Egemenler bizlere durmaksızın „tarihin sonu“ yada „ütopyalarin iflası“nın türküsünü söylüyorlar. Kapitalizme alternatifin olmadığını ve başka bir dünya için yürütülen mücadelenin çıkmaz sokakta bitecegini iddia ediyorlar. Biz, tersine inanıyoruz. Sayısal olarak küçük ve asalak bir azınlığın değil, sadece insanlığın ihtiyaçlarını esas alan bir toplumun emperyalist barbarlıktan çıkış olduğuna eminiz: Komünizm. Yoldaşlarımız, tarihte mücadele ederek kazanımlar elde ettiler ve yenilgiler de yaşadılar. Fakat biz eminiz ki, geçmişteki komünist deneylerin devrimci incelemesine dayanarak bütün engelleri aşıp, yeni bir hücuma cesaret etmeliyiz, edebiliyoruz ve edeceğiz de.

Bütün dünyada oldugu gibi Almanya’da da egemenler, düzenlerini kum üstünde inşa ettiklerinin farkındalar ve bu noktada ezenlerin, kitlelerin devrimci enerjisinin fırtınasıyla yerlebir etme kapasitesinde olduklarının tam bilincindedirler.

Bunu önlemek amacıyla, Alman emperyalizmi siyasi ve askeri olarak kendisini son derecede örgütlemiş bulunuyor. Son yüzyılın karşıdevrimci tecrübelerini genelleştirerek özellikle “havuç” ve “sopa” politikasını mükemmelleştirdiler. Böyle bir düşmanı yenmek, biz devrimcilerden azami fedakarlık, disiplin, inanç, emek, ısrar ve ezilenlere ve sömürülenlere yönelik sevgi gerektiriyor.

Bundan dolayı, 21.’inci yüzyılda Almanya’da bir devrimi düşünmek, esnek, canlı, hedefe kilitlenen ve birlikte hareket eden devrimcilerin örgütü olmadan ütopik kalır.

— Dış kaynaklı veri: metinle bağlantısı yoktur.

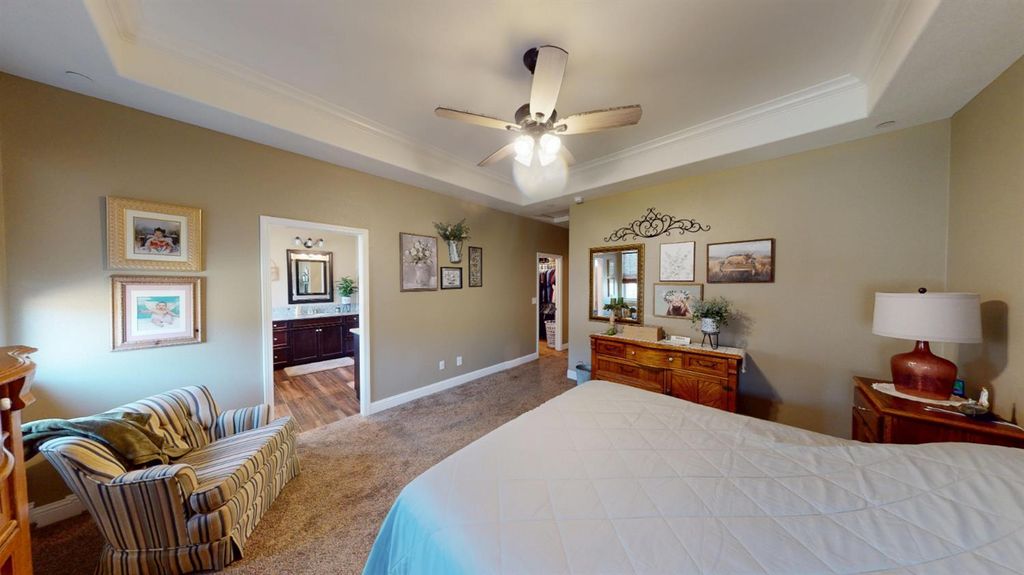 Image 25 of property listing at 16149 W Ashli Avenue, Kerman, CA 93630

Bize komünist bir parti gerekiyor – ancak bu burjuva seçim partisi anlamında değil, devrimci savaş örgütü anlamındadır.

Demek ki bugün ezilenler ve sömürülenler açısından en vahim eksik, böyle bir partinin yokluğudur. Kitlelere önderlik edecek ve onlardan ögrenmesini bilecek, devrimci deneyleri değerlendirip uygulayabilecek, Alman emperyalizmini yıkabilecek bir partidir bahsedilen.

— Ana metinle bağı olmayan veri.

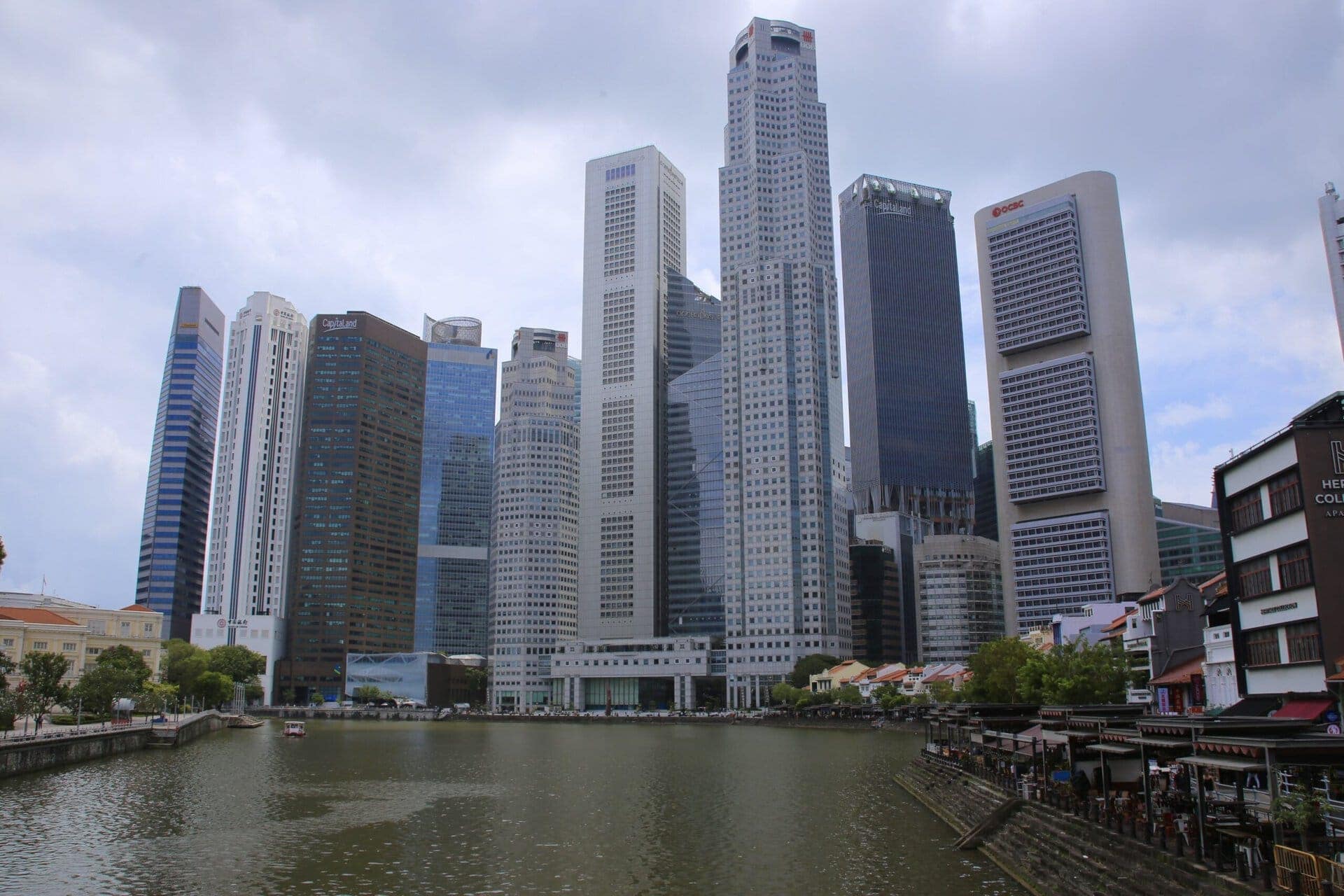 städtereise-singapur-reiseblog-indonesien-urlaub-architektur-modern-skyline-hafen-reise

Egemenlerin karşılık almadan söyleyebildiği her yalan, sınıf kardeşlerimize faşistler tarafından düzenlenen her saldırı, sendika ve sosyal demokratlar tarafından ihanet edilen işçi sınıfının her mücadelesi, demir parmaklıklar arkasında olan her yoldaş ve polis tarafından dağıtılan her bir yürüyüş aynı zamanda böyle bir partinin olmasına acil bir çağrıdır.

Çabalarımızda yanlız olmadığımizı biliyoruz. Almanya’da bu sisteme duydukları kin ve sınıfımıza duydukları sevgide birleşen çok sayıda samimi devrimci bulunuyor. Devrimci güçler bir örgütte birleştirmeye dair değişik çabaların olduğunu da biliyoruz. Fakat diğer yandan çok fazla insan da belli sınırlanmış olan alanlarla, “başka biri yapmalı” umudu ile, parti daha sonra oluşacak düşüncesine sahip yada zaten “parti” biziz diyerek yetiniyorlar.

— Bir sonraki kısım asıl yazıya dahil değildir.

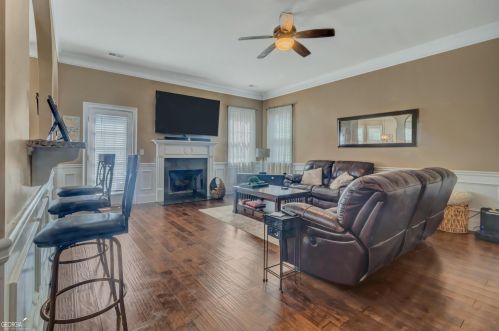 3968 Margaux Dr, Atlanta GA exterior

Emperyalizmin vahşeti, kitlelerin umudu ve bu günden ayak seslerini duyduran devrimci ayaklanmalar bize artık bireyselliğin, dar grupçuluğun, sınır çizme fetişizmine ve dar bakışlığı, statükoculuk ve şematizme son vermeye zorladıklarını düşüncesindeyiz.

Komünist İnşa ile, ortak ilkeler temelinde komünistlerin birligi icin mücadele vermeyi kendine görev edinen bir örgütü kuruyoruz. Örgütümüz ile, gelecekteki devrimci Komünist Partiye bir katki sunmak istiyoruz. Şimdiye kadar, böyle bir örgütün yoksunlugu yaşadığımızı düsünmekteyiz.

Komünist Partinin inşası kadar daha hangi adımlar ve farklı yollar yürümemiz gerekeceğini devrimci analiz ve pratik gösterecektir. Fakat biz şuna eminiz, bu yolu tartışma açıklığı, yaratıcılık, bilgi endinme arzusu, dayanışma, netlik, ciddiyet, militanlık ve birleşik devrimci mücadelelerle dövmemiz gerekiyor. Bu hedefleri paylaşan bütün devrimcilere, komünist partinin inşasi ve komünistlerin birliği icin mücadelemize katilmaya davet ediyoruz.